The number of confirmed coronavirus cases in Massachusetts rose by 3,720 Tuesday, while the seven-day average climbed to 4,745.
The new cases brought the state’s total to 286,866.
The death toll from confirmed cases increased by 55 to 11,190, the Department of Public Health reported.
The latest figures were released as Governor Charlie Baker and his health and human services chief beseeched residents to celebrate the coming holidays in-person with their households only.
“Unfortunately, a few days after Thanksgiving, we started seeing significant increases in new COVID-cases and hospitalizations,” Baker said at a State House press conference. “It has put a significant strain on our health care community.
“I’m here today to say that we really can’t have them be the kind of consequential event that Thanksgiving has been here in Massachusetts,” he said.
His words were echoed by Melissa Jocelyn, nursing director at Massachusetts General Hospital.
“On behalf of all of our nurses and health care colleagues, I do want to join with the governor in asking, even begging, each of you to follow the state guidelines to refrain from gathering for the Christmas holidays,” Jocelyn said.
On Tuesday, the state said 72,587 people were estimated to have active cases of the potentially deadly virus, and 1,834 confirmed coronavirus patients were in the hospital.
The public health department also reported that 61,236 more tests had been conducted for coronavirus.
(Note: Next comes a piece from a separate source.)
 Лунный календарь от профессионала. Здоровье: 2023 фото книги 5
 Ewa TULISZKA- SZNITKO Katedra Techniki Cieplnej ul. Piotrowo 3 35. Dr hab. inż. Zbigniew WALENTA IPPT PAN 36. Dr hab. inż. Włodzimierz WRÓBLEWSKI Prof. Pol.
The total number of tests administered climbed to more than 9.68 million. New antigen tests had been completed for 2,992 people, bringing that total to 303,783.
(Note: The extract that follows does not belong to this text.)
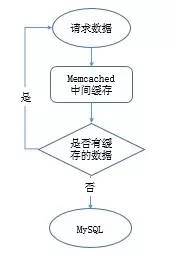 运维角度浅谈：MySQL数据库优化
The state also reported that the seven-day average rate of positive tests, which is calculated from the total number of tests administered, was at 5.9 percent. The lowest observed figure for that metric — a number watched closely by state officials — is 0.8 percent.
The state said the rate would be 7.72 percent if the effect of college testing programs - in which asymptomatic people can be tested repeatedly in an effort to rapidly identify new cases - is factored out.
The seven-day average of hospitalized coronavirus patients rose from 1,644 to 1,684. The lowest that metric has been is 140.
To take a deeper dive into the state’s coronavirus statistics click here.
In related news, a University of Massachusetts model predicts the number of coronavirus cases reported in Massachusetts will continue to rise, then stabilize around early January. The model only covers four weeks, but the closely watched University of Washington Institute for Health Metrics and Evaluation model, which attempts to look farther into the future, envisions a scenario where cases will begin to drop in mid-January.
Travis Andersen and Peter Bailey-Wells of the Globe staff contributed to this report.